Jaeyeon Chung’s Propositions, Aggressive or Modest

Beck Jee-Sook (Art Critic, Curator)

 

“I am not making something, but instead, something will disappear with our intervention. This wall will be demolished.” This is what artist Jaeyeon Chung said when she was working on the Opening Project (2013), which involved taking down the wall that blocked the central pathway at ARKO Art Center. The wall was built out of architect Kim Swoo Geun’s signature red brick and its height and form had been the subject of countless revisions, supplementations, and corrections by the client, architect, the people who filed the complaint, and the evaluation committee. It eventually came to completely block the path and gaze of pedestrians for more than 30 years, from the time the building had first been designed until this project came to fruition. The eight-meter-long, 273-cm-tall wall did protect the facilities from crime, accidents, and garbage. However, a wall is a near cliche insofar as it illustrates a state of noncommunication in our everyday vernacular, which stems from rational or emotional biases, self-centeredness, disconnect, and ignorance.

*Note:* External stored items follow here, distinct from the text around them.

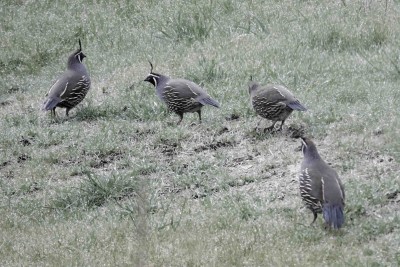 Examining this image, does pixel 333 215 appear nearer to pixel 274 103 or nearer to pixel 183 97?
pixel 274 103

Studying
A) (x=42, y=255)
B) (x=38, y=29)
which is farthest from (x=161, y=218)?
(x=38, y=29)

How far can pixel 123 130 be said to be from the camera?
11.0 m

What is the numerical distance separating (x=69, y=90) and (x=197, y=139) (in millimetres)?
2130

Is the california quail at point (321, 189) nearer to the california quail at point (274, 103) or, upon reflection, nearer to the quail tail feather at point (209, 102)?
the california quail at point (274, 103)

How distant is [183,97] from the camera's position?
10680 mm

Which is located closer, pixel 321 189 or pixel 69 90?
pixel 321 189

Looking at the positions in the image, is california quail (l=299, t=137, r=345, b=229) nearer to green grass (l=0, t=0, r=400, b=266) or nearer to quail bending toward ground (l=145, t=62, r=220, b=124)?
green grass (l=0, t=0, r=400, b=266)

In a way, the power of art lies in the way it probes at old, tired thoughts and concepts, encapsulates them in a specific material form before us, reminds us of new sensations and experiences, and finally dissolves the walls within us.

 

The values of art, which are the focus of Jaeyeon Chung’s works, also perhaps rely on a power to replace, convert, and capsize the relationship between language, image, and material. Chung’s works show us that concepts like walls and fences not only limit our thoughts and range of activity but also diminish our ideas by the restrictions they place on our perspectives and movements that we are always and already knowingly or unknowingly subjected to. In Howick Place (2010) and Way In/Out (2009) the artist uses signs that give simple instructions to illustrate the suppressive nature of customs and institutions that are otherwise forgotten every day by visualizing the materiality of language. Comparably, the Flags series (2010, 2014), which involves displaying national flags in ways that defy protocol, portrays situations in which one’s identities are restricted by a collective symbol – at times explicitly, and at others surreptitiously.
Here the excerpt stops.